Pictures must not appear in the copy. Restate exactly the lines below from the one with "Лампа Діодна дімеруюча" through the one with "标准间, Napoléon", inclusive.

- DATA TO USE

____________________

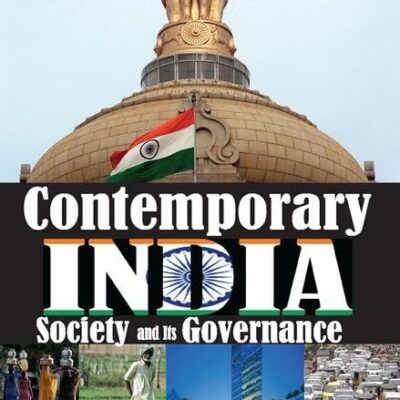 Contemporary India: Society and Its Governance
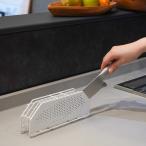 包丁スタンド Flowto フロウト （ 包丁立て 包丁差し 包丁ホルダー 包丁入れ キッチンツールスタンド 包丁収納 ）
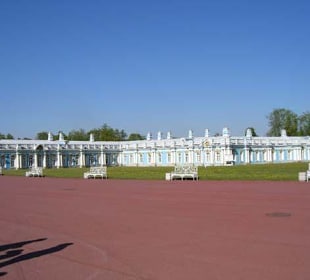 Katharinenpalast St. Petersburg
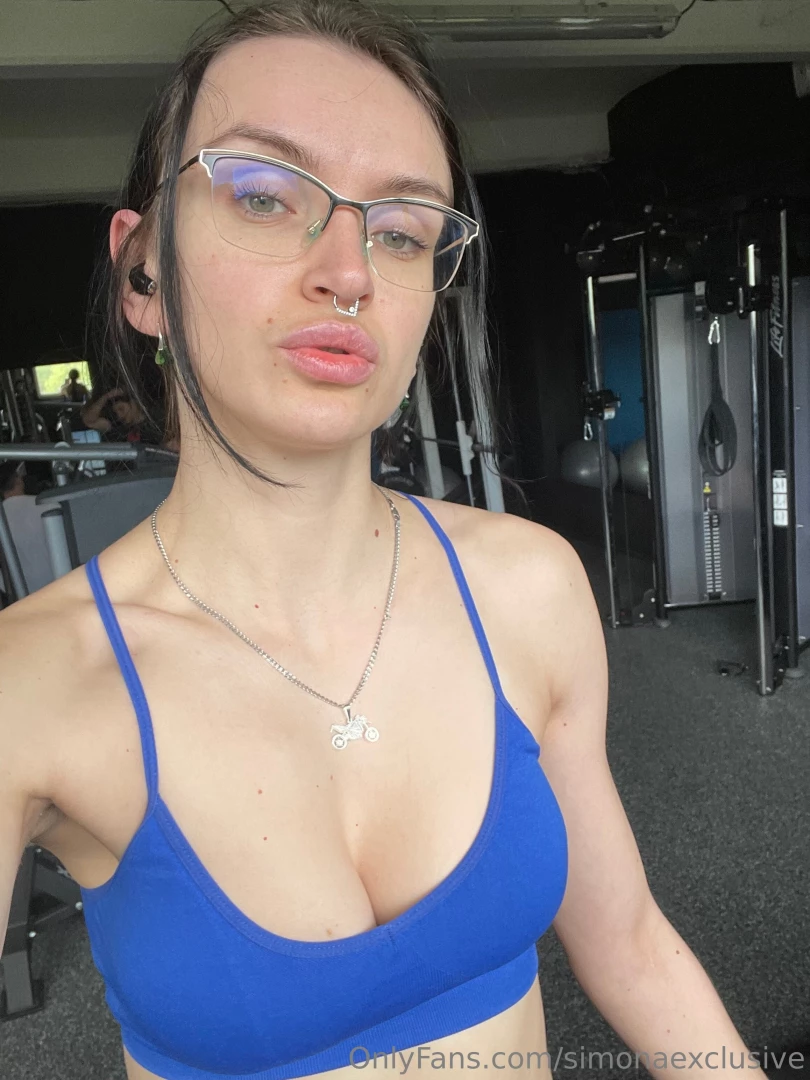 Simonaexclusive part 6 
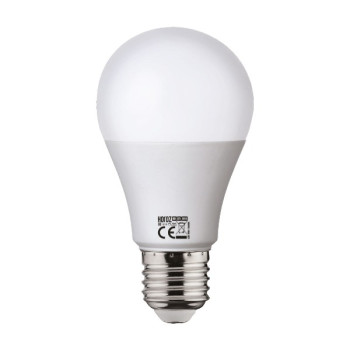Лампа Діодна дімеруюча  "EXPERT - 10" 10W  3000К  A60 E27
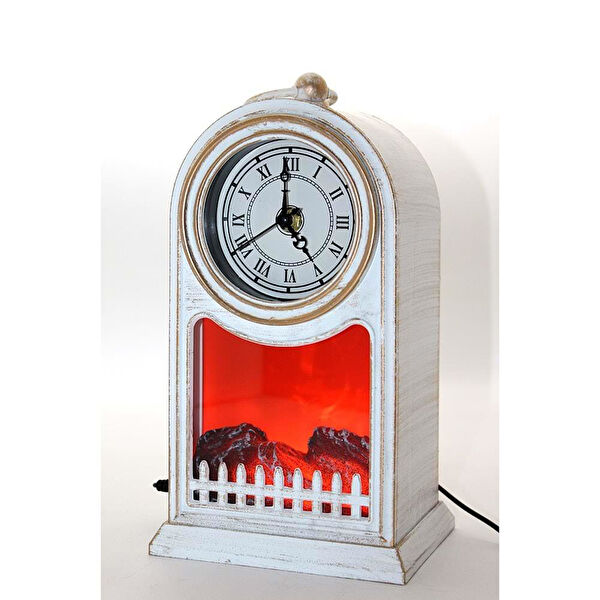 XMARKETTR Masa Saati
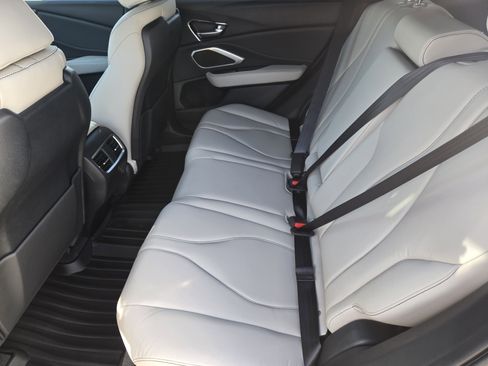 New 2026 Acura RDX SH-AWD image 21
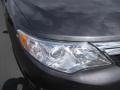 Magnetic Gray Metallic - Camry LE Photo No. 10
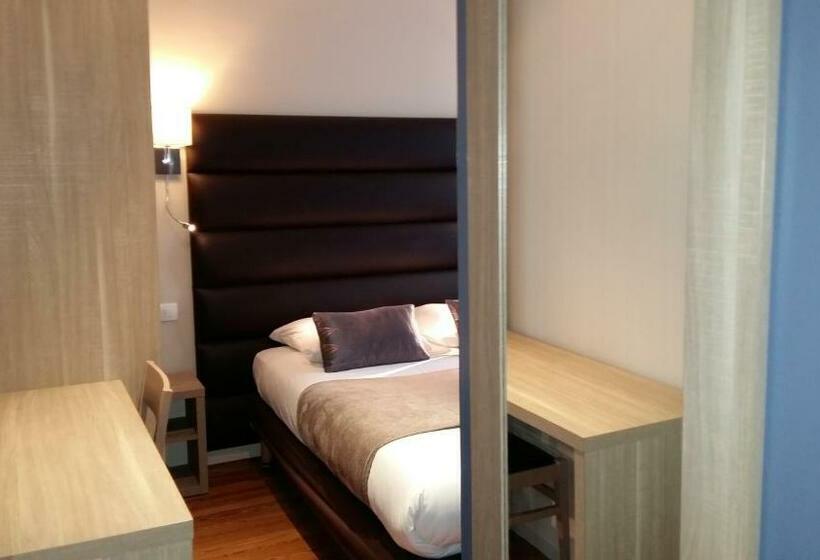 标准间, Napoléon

____________________

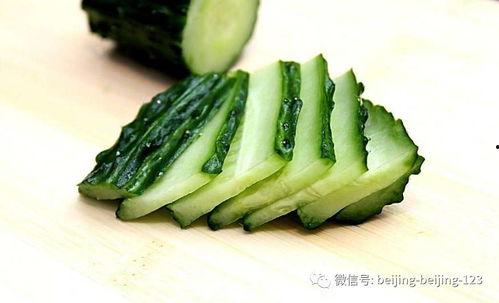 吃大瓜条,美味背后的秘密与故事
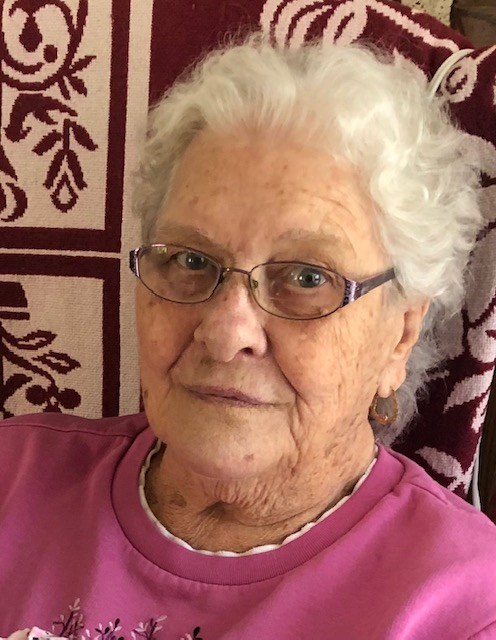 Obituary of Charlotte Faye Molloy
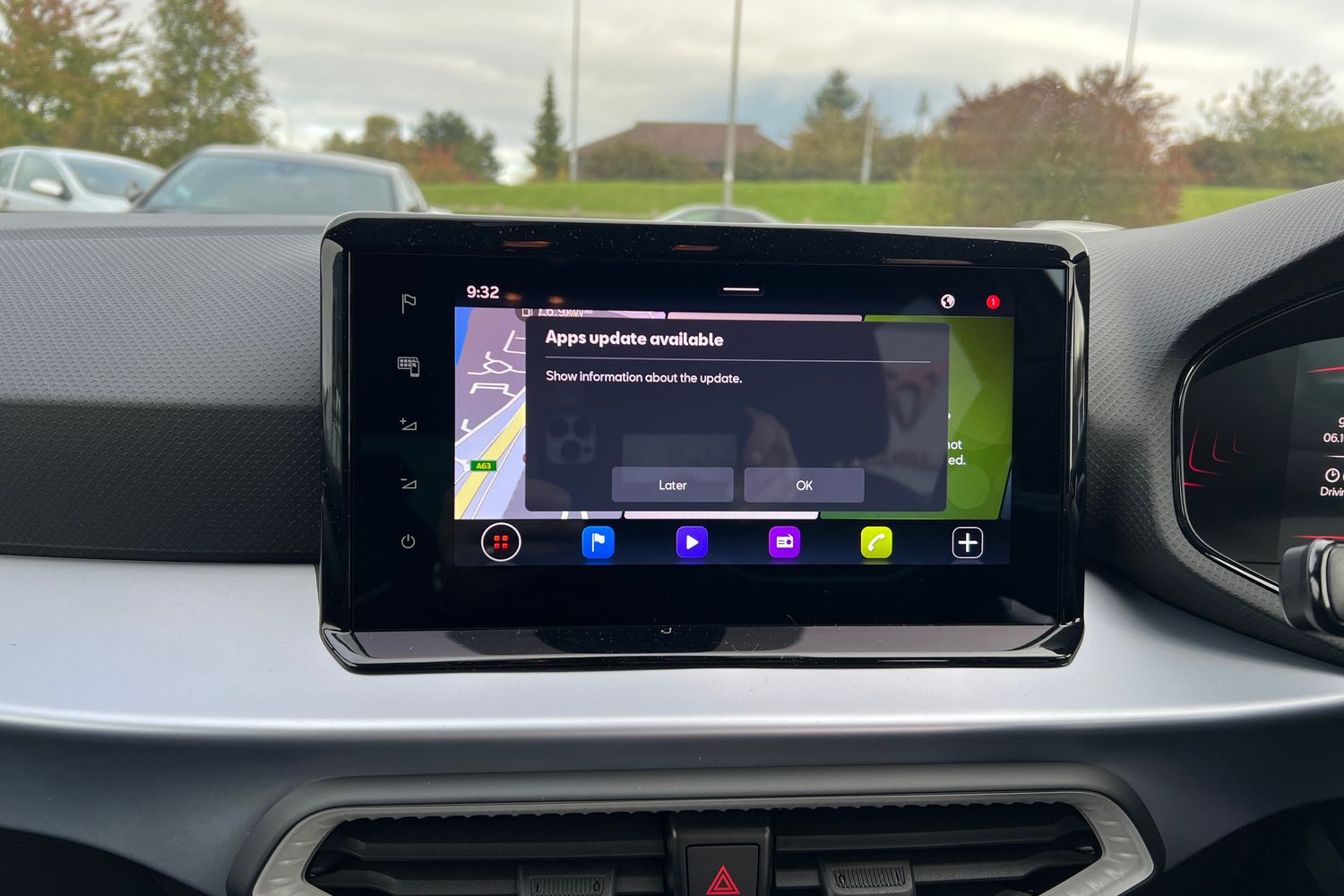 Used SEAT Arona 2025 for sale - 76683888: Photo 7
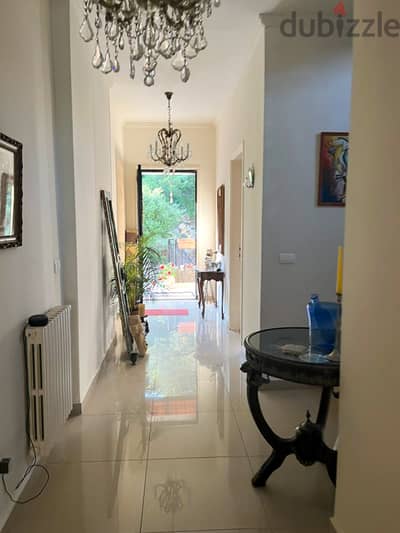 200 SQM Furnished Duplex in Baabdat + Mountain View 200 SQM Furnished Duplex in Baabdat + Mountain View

____________________

- ANSWER BELOW
Лампа Діодна дімеруюча  "EXPERT - 10" 10W  3000К  A60 E27
 XMARKETTR Masa Saati
 New 2026 Acura RDX SH-AWD image 21
 Magnetic Gray Metallic - Camry LE Photo No. 10
 标准间, Napoléon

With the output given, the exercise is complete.